For television buffs, the website Jump The Shark emulated from when Fonzie of "Happy Days" jumped a shark on water skis. The phrase now means a moment, even in life, at which far-fetched events are included merely for novelty's sake, indicative of a decline in quality. The phrase was coined in 1985 by University of Michigan roommates Jon Hein and Sean Connolly, when they were talking about television shows that began going downhill. A dozen years later, Hein would start his own website, chronicling 200 TV shows. It became so popular that Hein later became a regular on The Howard Stern Show before selling the Jump The Shark website to Gemstar, the then-owners of TV Guide Magazine. By then, Hein had authored two JTS books.
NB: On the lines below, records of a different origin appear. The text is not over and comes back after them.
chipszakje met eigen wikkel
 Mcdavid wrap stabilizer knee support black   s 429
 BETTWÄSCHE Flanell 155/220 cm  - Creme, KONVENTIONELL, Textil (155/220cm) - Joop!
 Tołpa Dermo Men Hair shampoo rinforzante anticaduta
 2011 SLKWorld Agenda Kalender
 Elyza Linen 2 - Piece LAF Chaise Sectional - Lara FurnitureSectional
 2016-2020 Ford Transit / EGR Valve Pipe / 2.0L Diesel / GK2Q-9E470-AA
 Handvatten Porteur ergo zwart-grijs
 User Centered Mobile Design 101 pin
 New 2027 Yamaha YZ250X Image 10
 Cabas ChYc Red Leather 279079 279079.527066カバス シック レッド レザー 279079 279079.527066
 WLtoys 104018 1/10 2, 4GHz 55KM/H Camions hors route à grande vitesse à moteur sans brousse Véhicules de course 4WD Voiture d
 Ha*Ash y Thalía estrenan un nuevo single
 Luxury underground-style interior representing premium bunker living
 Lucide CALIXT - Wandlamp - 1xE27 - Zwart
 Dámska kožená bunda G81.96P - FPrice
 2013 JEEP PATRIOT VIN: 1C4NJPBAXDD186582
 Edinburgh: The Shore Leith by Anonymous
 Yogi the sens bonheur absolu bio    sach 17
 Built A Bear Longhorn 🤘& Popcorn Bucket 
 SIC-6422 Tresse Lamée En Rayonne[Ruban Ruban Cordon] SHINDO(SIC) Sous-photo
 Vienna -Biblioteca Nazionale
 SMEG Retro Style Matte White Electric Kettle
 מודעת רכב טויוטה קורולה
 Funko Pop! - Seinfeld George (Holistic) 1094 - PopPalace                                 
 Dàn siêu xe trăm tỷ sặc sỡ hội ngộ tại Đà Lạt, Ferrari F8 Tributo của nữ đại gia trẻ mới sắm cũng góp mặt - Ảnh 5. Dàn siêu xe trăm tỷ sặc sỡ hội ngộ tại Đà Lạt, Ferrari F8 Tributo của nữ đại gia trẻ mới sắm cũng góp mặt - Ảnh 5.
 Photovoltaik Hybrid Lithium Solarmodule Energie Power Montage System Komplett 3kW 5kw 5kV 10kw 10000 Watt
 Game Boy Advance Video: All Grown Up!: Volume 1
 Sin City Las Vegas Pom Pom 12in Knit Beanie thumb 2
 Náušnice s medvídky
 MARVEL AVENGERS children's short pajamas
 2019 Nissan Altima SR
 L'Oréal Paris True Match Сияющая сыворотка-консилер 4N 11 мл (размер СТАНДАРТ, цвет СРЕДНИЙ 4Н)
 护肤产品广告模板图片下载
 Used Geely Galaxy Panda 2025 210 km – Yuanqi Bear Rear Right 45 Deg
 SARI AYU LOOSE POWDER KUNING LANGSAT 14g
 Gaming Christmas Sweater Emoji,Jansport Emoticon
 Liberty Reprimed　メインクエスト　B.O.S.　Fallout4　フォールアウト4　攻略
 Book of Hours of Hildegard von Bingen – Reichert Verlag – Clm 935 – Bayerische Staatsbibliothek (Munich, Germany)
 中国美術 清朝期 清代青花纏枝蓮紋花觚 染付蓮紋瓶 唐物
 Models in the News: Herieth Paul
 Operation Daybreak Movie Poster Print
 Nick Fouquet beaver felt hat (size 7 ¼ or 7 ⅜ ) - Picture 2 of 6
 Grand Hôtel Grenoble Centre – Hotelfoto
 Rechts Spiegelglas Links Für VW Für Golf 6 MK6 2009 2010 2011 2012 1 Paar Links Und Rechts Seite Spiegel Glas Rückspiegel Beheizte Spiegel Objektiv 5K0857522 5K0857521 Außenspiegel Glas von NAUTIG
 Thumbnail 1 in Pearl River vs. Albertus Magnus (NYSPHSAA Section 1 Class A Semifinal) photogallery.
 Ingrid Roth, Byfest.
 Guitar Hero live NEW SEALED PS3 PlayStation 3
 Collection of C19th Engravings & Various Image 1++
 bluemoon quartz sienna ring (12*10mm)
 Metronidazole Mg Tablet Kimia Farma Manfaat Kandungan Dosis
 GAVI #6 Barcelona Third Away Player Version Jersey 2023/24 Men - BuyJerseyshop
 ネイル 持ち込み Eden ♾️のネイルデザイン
Unfortunately, fans and contributors felt that Hein sold them out when Gemstar bought JTS for nearly $10M on June 20, 2006. Gemstar's new JTS site began weeding out negative reviews and replacing them with positive feedback about the TV programs. Unfortunately, there was one villain whose remarks even Gemstar had trouble replacing; and he carried a number of signatures at the end of his remarks.
Long before DeWayne Elbert Knight had even become acquainted with the Internet, he was always in the face of trouble. He first attempted suicide at the age of twelve; almost dropped out of high school; and nearly got Ball State University in trouble with the NCAA when he almost accepted a payout for a story on BSU athletics that was published in the student paper that was to have been reprinted in the South Bend Tribune.
After seeing his grades crash during the final semester of college, DeWayne worked a menial job transcribing radio station commercials for thirteen years until that position was outsourced. Sometime later, DeWayne came across Hein's website, Jump The Shark, and began writing all sorts of misappropriations about the speculations of everything, from game shows to The Simpsons, all the while signing his name with various pseudonyms such as Jim Shorts or Jane Belgard.
It was especially disturbing when DeWayne wanted Price Is Right host Drew Carey fired and replaced with Meredith Vieira, who had no intention of relocating to California. He even talked about this on local call-in radio shows at his home in Indianapolis. If anyone deserved singlehanded blame for bringing down the Jump The Shark website, it was DeWayne Elbert Knight.